To find out how pupils and teachers are adapting, the Roscommon People – your community newspaper – made a visit to Threen National School, which reopened last Friday morning.
There was plenty of excitement as thirty-four students returned to the classroom for the first time since Covid-19 restrictions were imposed last March.
School principal, Áine O’Connor, was positive in her report to the Roscommon People earlier this week, praising her staff, students and their parents for a smooth transition back to the classroom setting.

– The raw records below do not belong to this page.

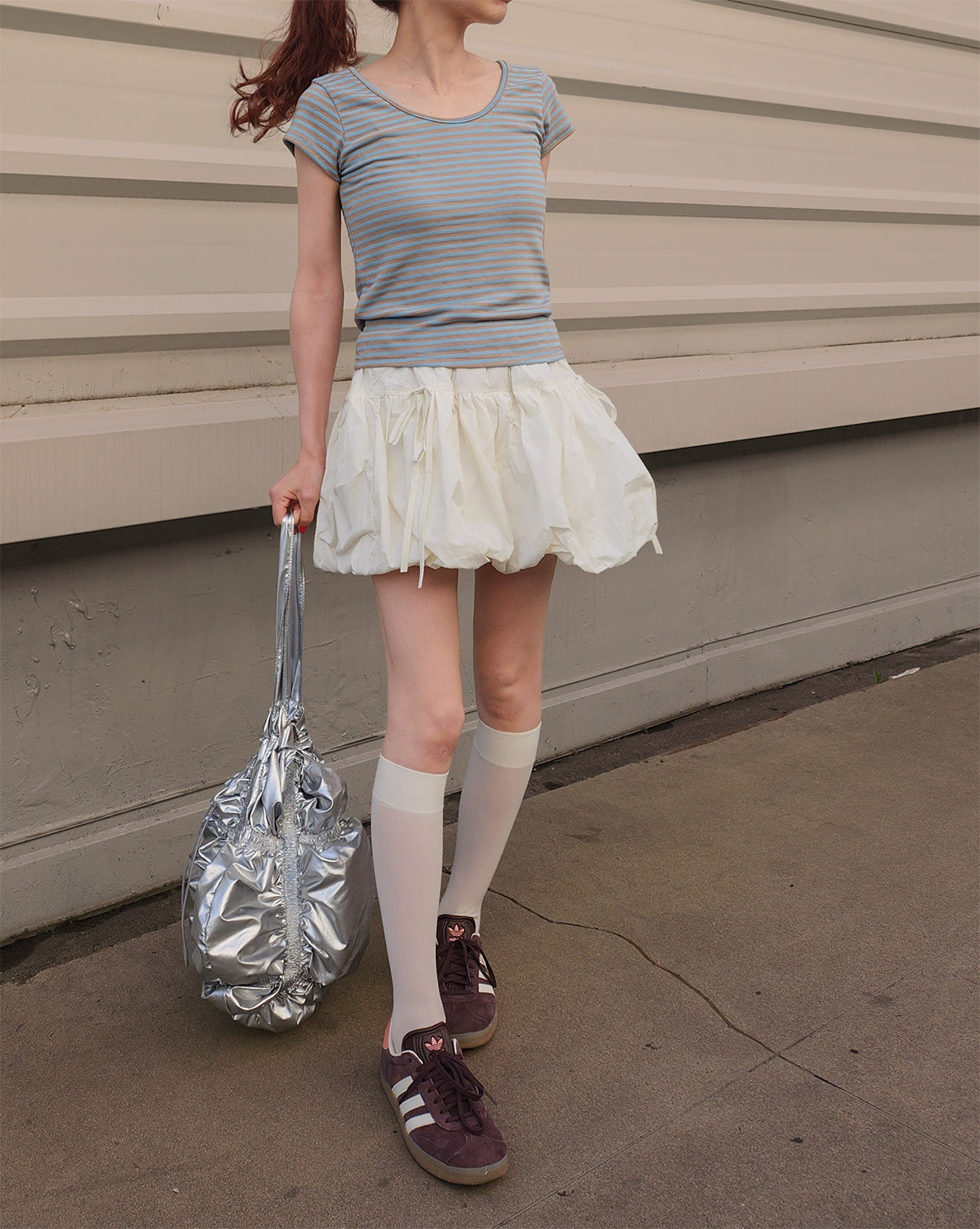 color stripe U neck T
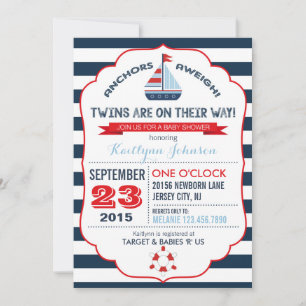 Ancre nautique et Baby shower rapide Invitation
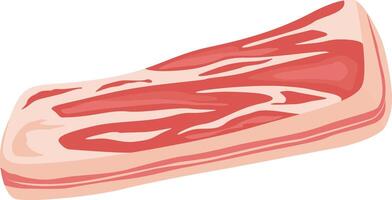 Raw pork belly meat showing layers of fat and muscle, ideal for various cooking preparations, offering a flavorful and visually appealing culinary experience vector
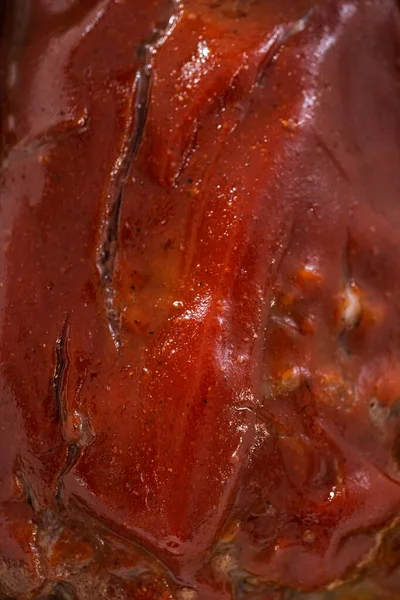 Arrefecimento Clássico Rolo Carne Envidraçado Com Esmalte Doce Uma Panela — Fotografia de Stock
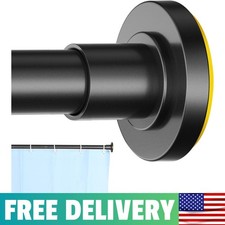 Black Shower Curtain Rod 31 to 80 Inch,1 Inch Diameter Adjustable Spring Tension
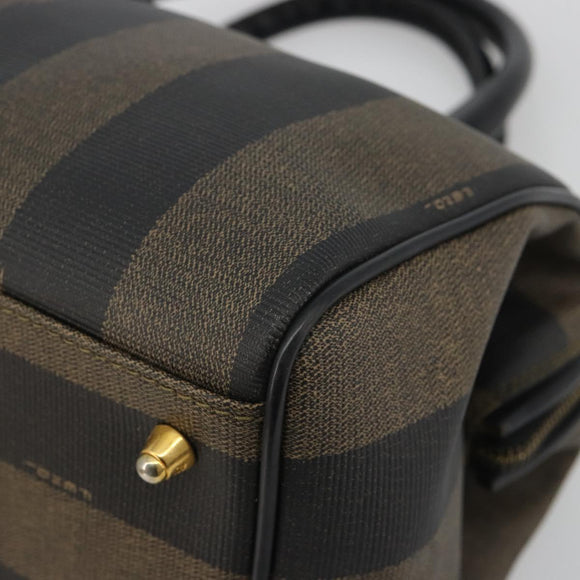 FENDI Pecan Canvas Boston Bag PVC Black Brown gold Auth 187684V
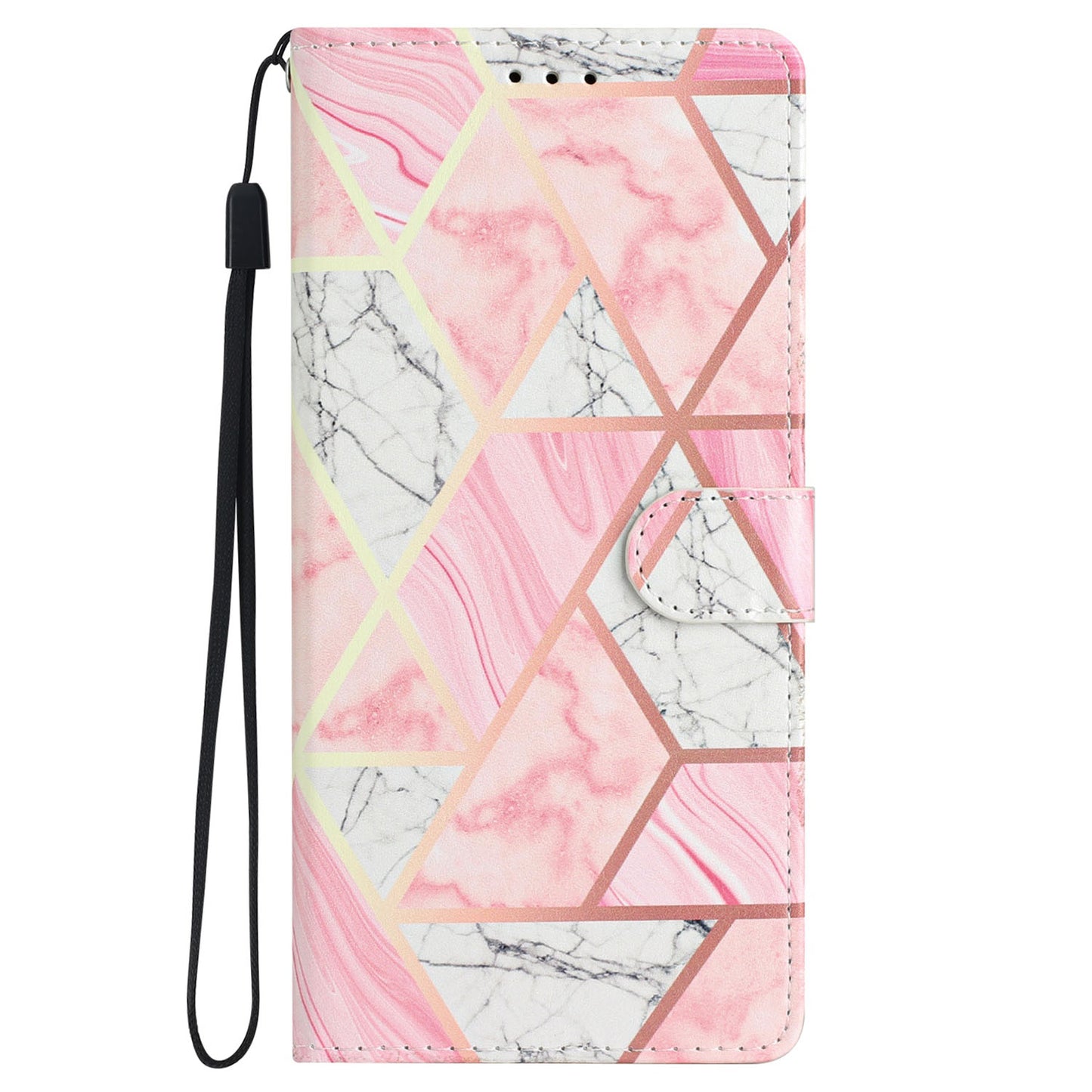 For Samsung Galaxy S24 Case Pattern Printing PU Leather Stand Phone Cover - Pink Marble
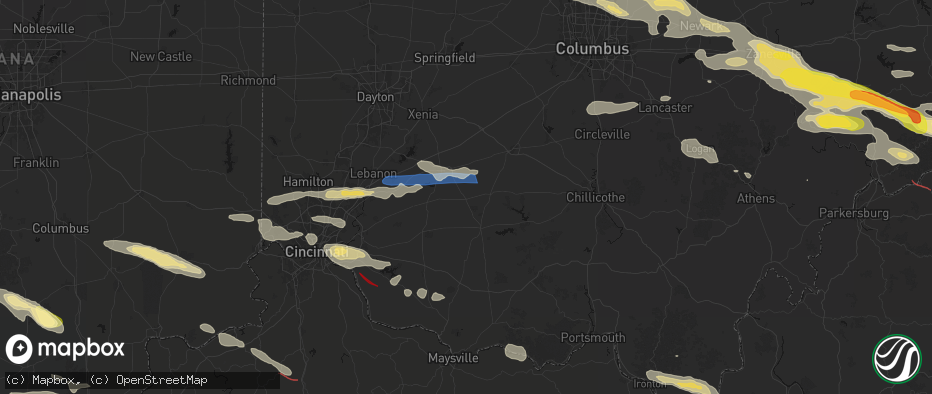 Hail map in New Vienna, OH on July 21, 2026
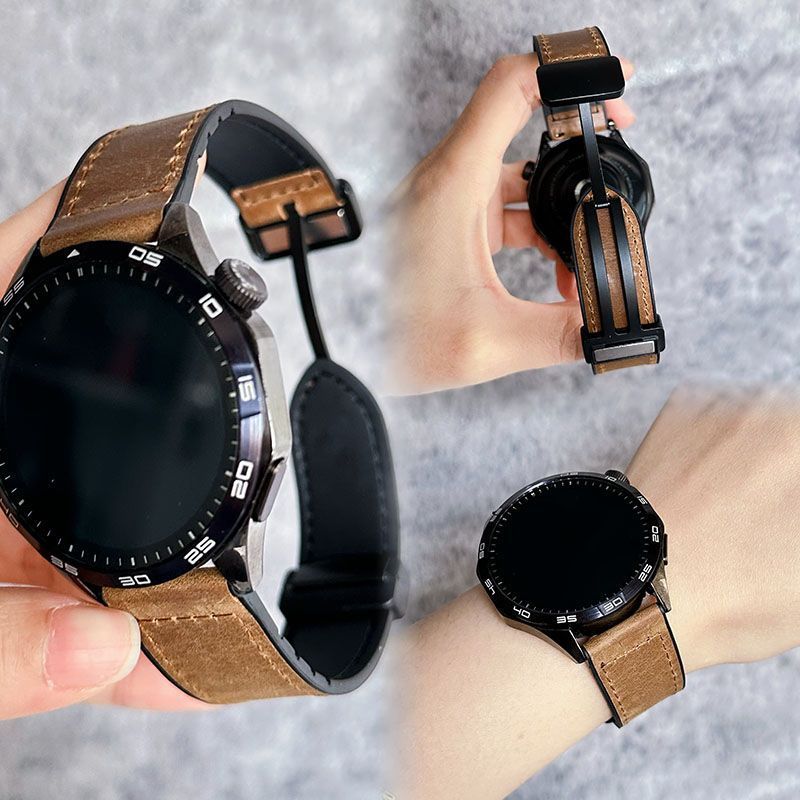 เหมาะสําหรับ OnePlus Watch 2 สาย Crazy Horse หนังหัวเข็มขัดโลหะแม่เหล็ก OnePlus Watch2 สาย 2 สายรัดข
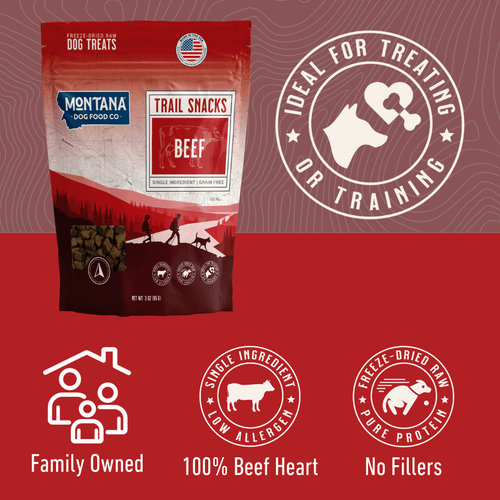 Beef Heart Freeze-Dried Raw Dog Treats | Montana Dog Food Co. - Trendify Pets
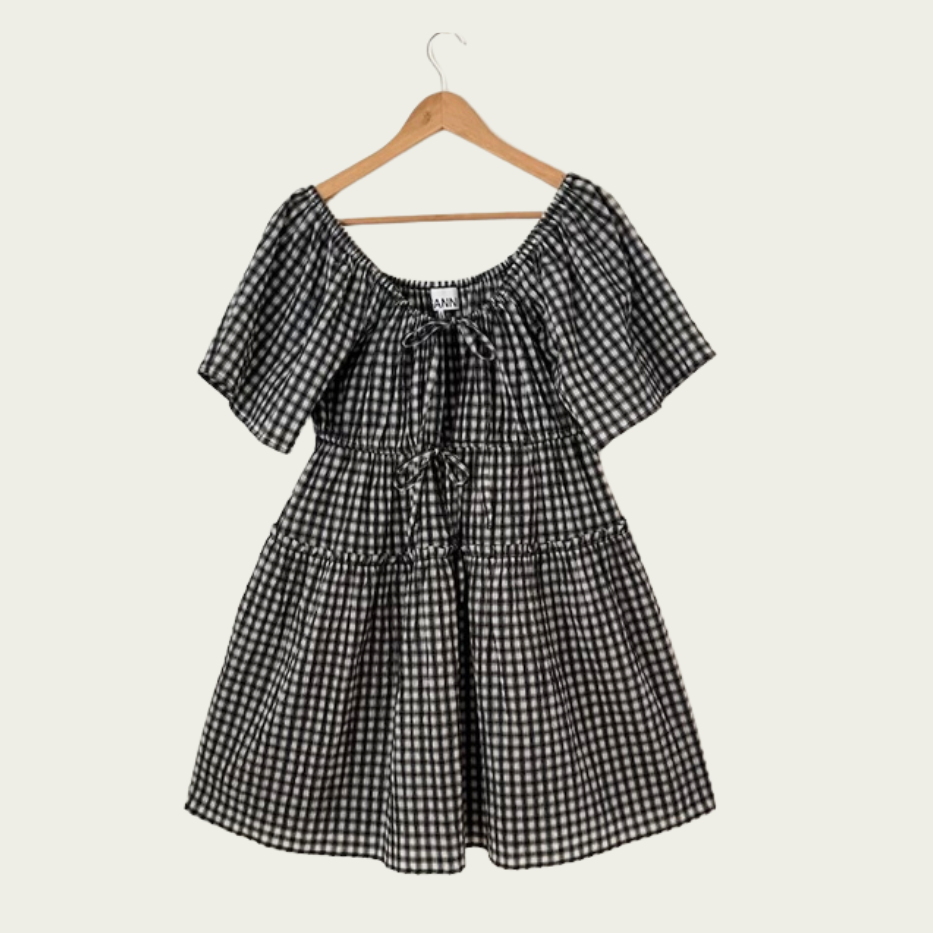 Ganni Seersucker Checked Mini Dress Size 40/AU12-14.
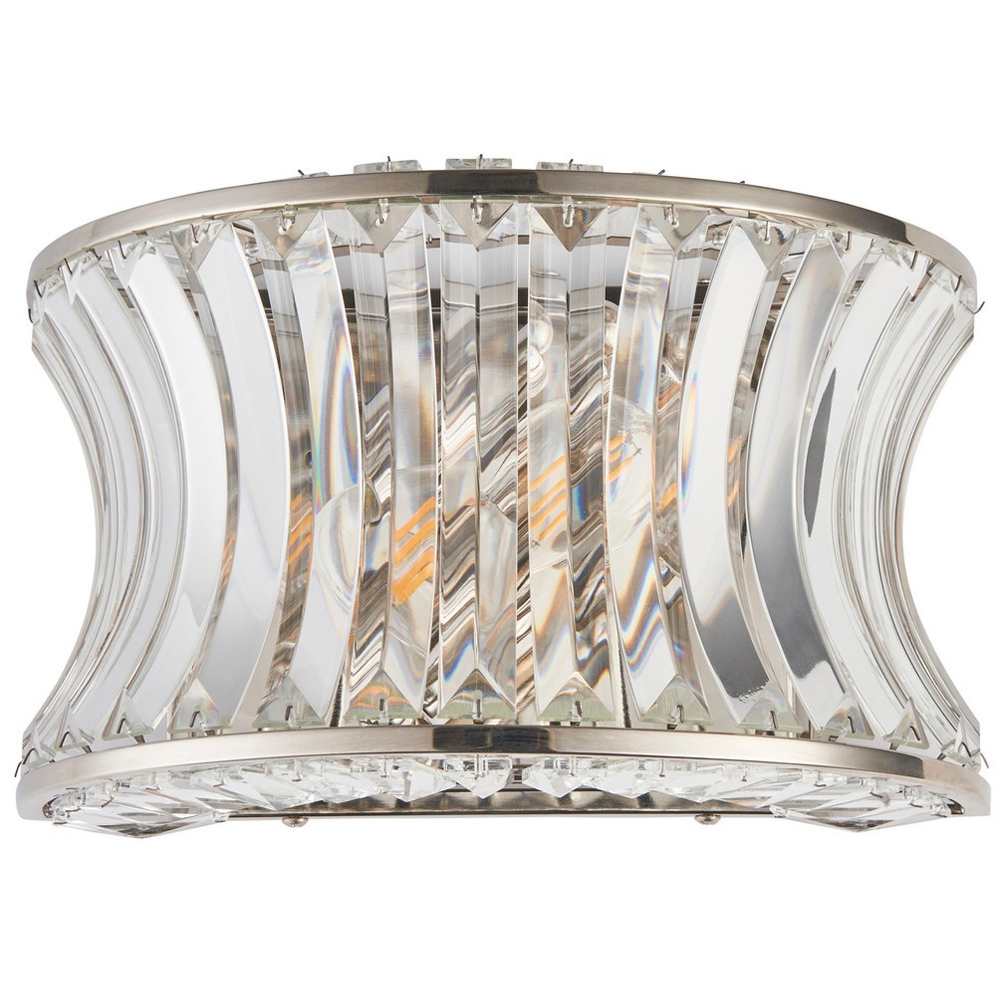 Merano Vittoria Crystal and Clear Glass Bright Nickel Plate Wall Lamp Image 1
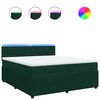 vidaXL Pat box spring cu saltea, verde &icirc;nchis, 200x200 cm, catifea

“They have all settled in really well and everyone was delighted to be back,” she said.
Students were quick to notice a few new additions to the school building including hand sanitisation stations and new socially distant markings indicating where they should stand to await the start of the school day.
Áine added: “There has been constant communication between the school and parents, who have been really cooperative. It has been a very smooth transition.
“Everyone was understandably a bit anxious in the days before coming back but the first day went fine and we’ve had lots of complimentary emails and messages which is nice.
“There have been a number of small changes including the dots where children stand when lining up for school and of course the hand cleaning stations at the entrance and throughout the school.
“We are lucky here because we have smaller numbers and plenty of space. Students sit in their ‘pods’ one metre apart from each other in the classrooms and the yard has been divided up for break time between junior and senior classes. The children have been really good at hand cleaning and keeping their distance”.
The hard-working students of Threen National School certainly didn’t rest on their laurels during lockdown, remaining busy throughout thanks to the digital platform Seesaw. School work was completed and a virtual sports day and art competition bought keenly contested.
They were glad to be back in class this week, however, where they were warmly welcomed by school principal Áine and her staff, including Mary Collins, Olivia Blake and Mary Crehan who have every reason to be proud as they look forward to what will hopefully be a safe but busy academic year in Threen.